Dieses Video wurde am 19.08.2026 von WELT Nachrichtensender auf YouTube veröffentlicht. Zum Original-Video auf YouTube.
In Kalifornien hat ein historischer Meta-Prozess begonnen, der den Konzern um Gründer Mark Zuckerberg Milliarden kosten könnte. Mehrere US-Bundesstaaten haben eine Sammelklage eingereicht, in der sie Meta vorwerfen, Kinder und Jugendliche über Plattformen wie Instagram und Facebook absichtlich abhängig gemacht und psychisch geschädigt zu haben. Im Raum steht eine Entschädigungssumme von bis zu 200 Milliarden US-Dollar. Meta weist alle Vorwürfe entschieden zurück.
Vorwürfe: Bewusste Abhängigkeit und psychische Schäden
Die klagenden Generalstaatsanwälte mehrerer US-Bundesstaaten argumentieren, dass Meta gezielt Mechanismen in seine Plattformen eingebaut habe, um junge Nutzerinnen und Nutzer dauerhaft zu binden. Algorithmen, Benachrichtigungen und die Gestaltung der Benutzeroberflächen seien darauf ausgerichtet gewesen, eine suchtartige Nutzung zu fördern – und das auf Kosten der psychischen Gesundheit Minderjähriger.

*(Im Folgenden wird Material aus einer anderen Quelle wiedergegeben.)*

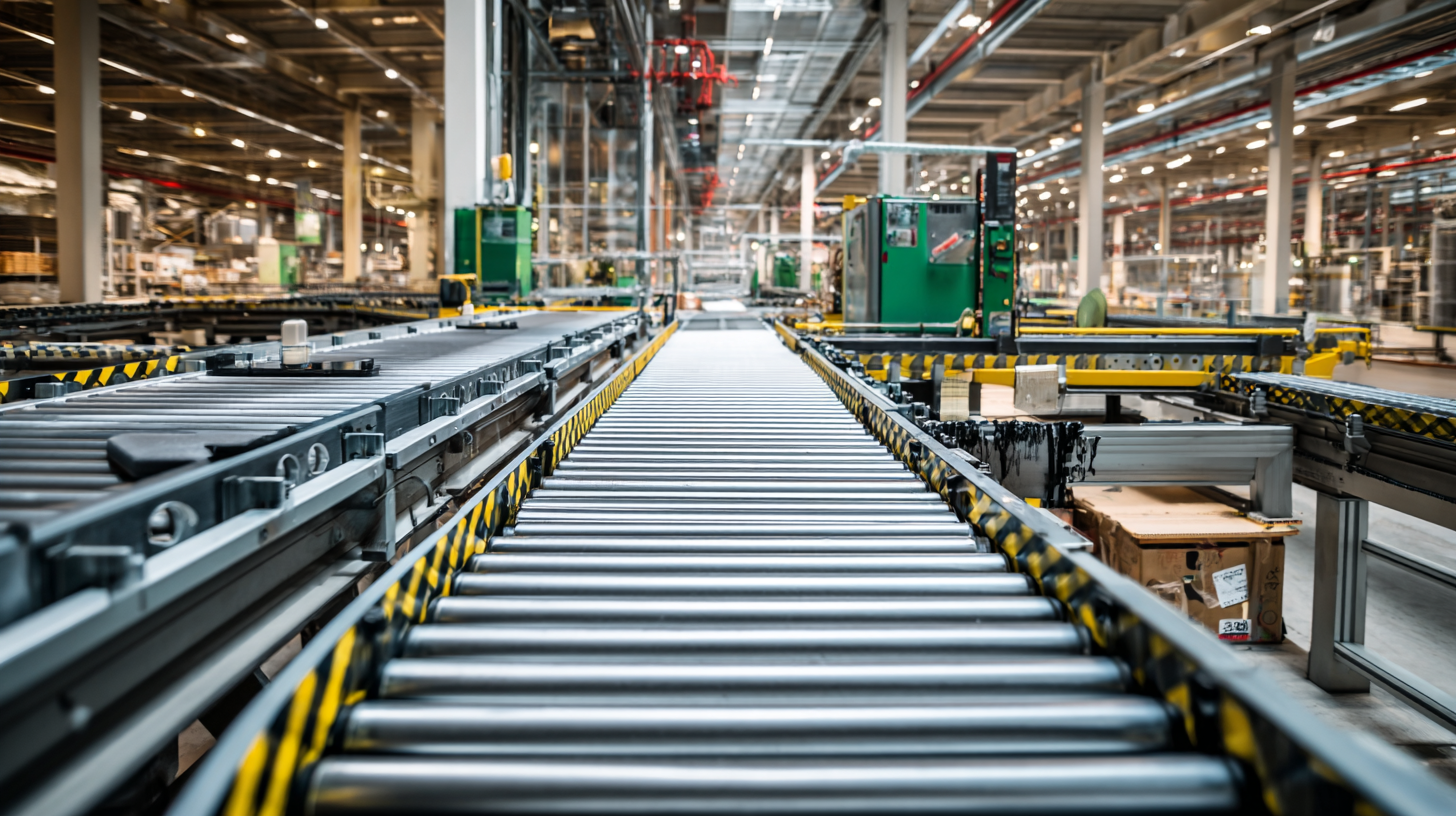 Understanding the Impact of Industrial Conveyors on Supply Chain Efficiency and Cost Reduction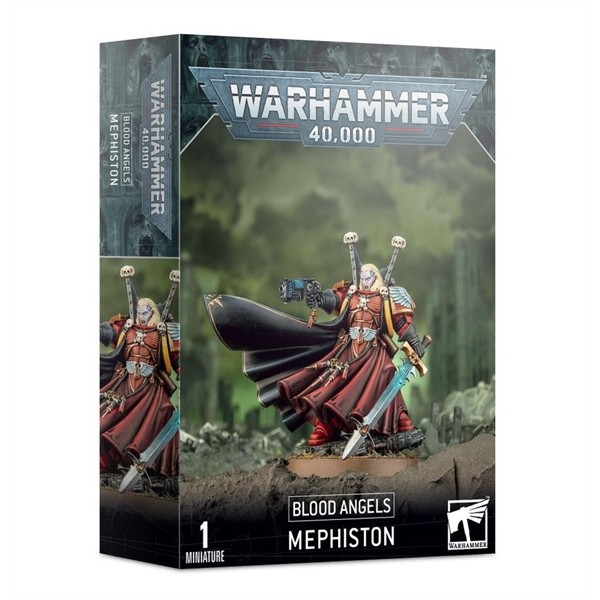 WH40K: BLOOD ANGELS: MEPHISTON (Bộ)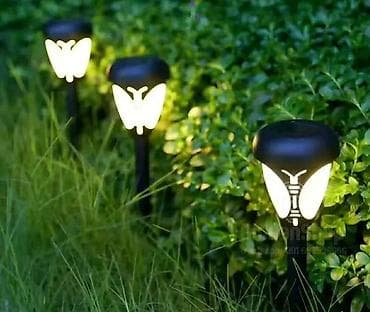 Home care products, Housewares: Solarne baštenske LED lampe – set 10 komada 🌟 Ulepšajte svoje — 3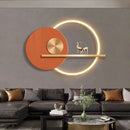 Axyaa LED Wall Light: Luxury Bedroom & Living Room Atmosphere Lamp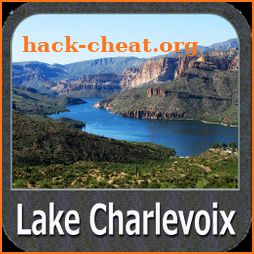 Lake Charlevoix MI GPS Charts icon
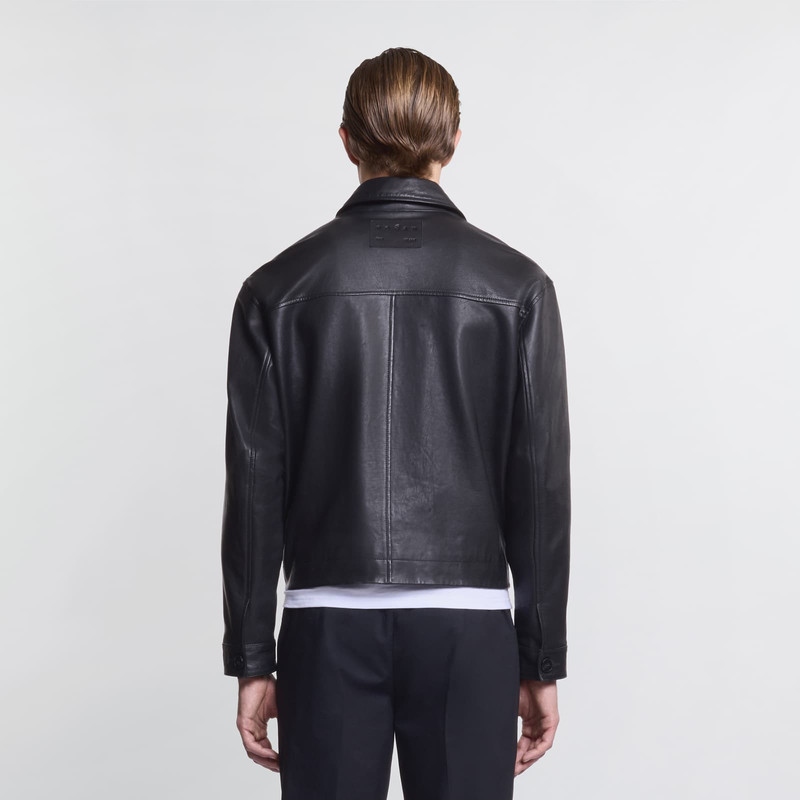 Jacket in leather 5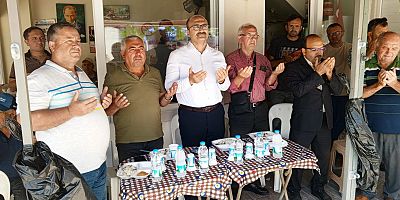 Çiftçilerden Pilav Hayrı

Besonders im Fokus steht dabei Instagram, das vor allem bei Teenagern äußerst beliebt ist. Studien und interne Dokumente hatten in der Vergangenheit bereits Hinweise darauf geliefert, dass Meta über mögliche Risiken für das Wohlbefinden junger Nutzer informiert war.

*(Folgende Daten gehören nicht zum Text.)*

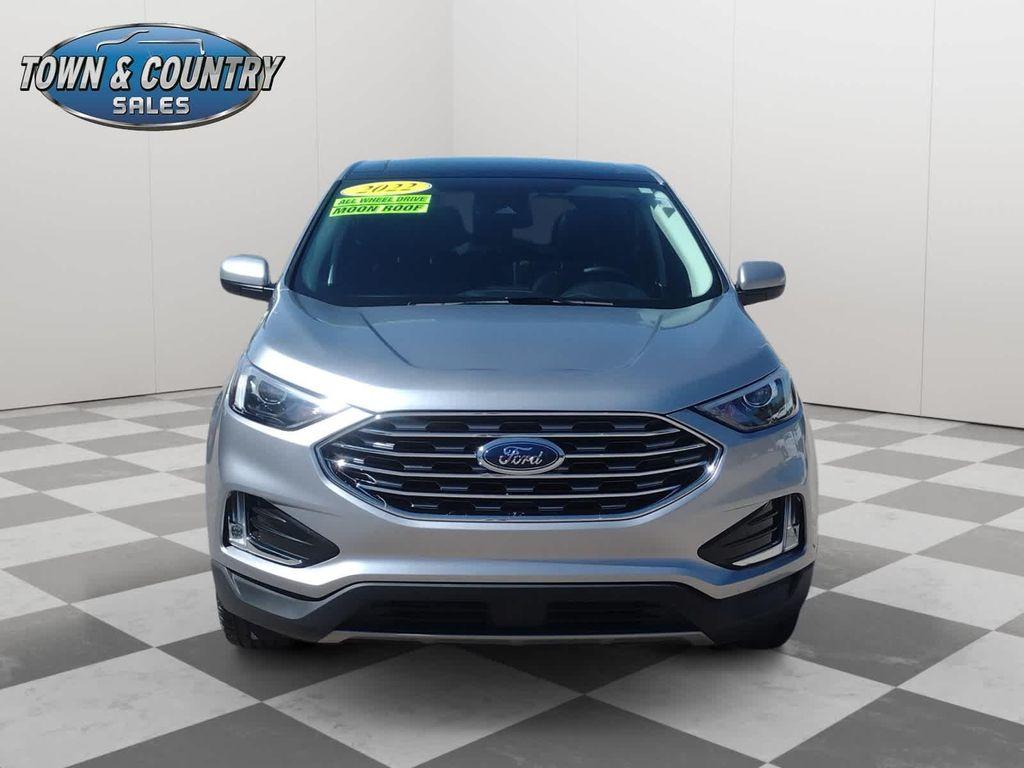 used 2022 Ford Edge car, priced at $29,900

Die zentrale juristische Frage lautet daher: Wusste Meta von diesen Gesundheitsrisiken – und hat der Konzern dieses Wissen bewusst verschwiegen, anstatt zu handeln?
Bis zu 200 Milliarden Dollar Entschädigung möglich
Die Dimension des Verfahrens ist beispiellos. Die Kläger fordern, dass jedem betroffenen Kind eine individuelle Entschädigung zugesprochen wird. Addiert man die Ansprüche aller potenziell geschädigten Minderjährigen, ergibt sich eine Gesamtsumme von bis zu 200 Milliarden Dollar.

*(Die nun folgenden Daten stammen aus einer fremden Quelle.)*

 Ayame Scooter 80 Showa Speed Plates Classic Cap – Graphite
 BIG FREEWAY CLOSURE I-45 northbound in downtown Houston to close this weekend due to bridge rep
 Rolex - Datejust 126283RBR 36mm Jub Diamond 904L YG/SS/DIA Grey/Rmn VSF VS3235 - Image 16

Das Verfahren gilt als eines der größten Sammelklagen gegen einen Tech-Konzern in der Geschichte der USA. Für Meta hätte ein negatives Urteil nicht nur finanzielle, sondern auch weitreichende regulatorische Konsequenzen.
- Klagende Parteien: Generalstaatsanwälte mehrerer US-Bundesstaaten
- Beklagter Konzern: Meta Platforms (Instagram, Facebook)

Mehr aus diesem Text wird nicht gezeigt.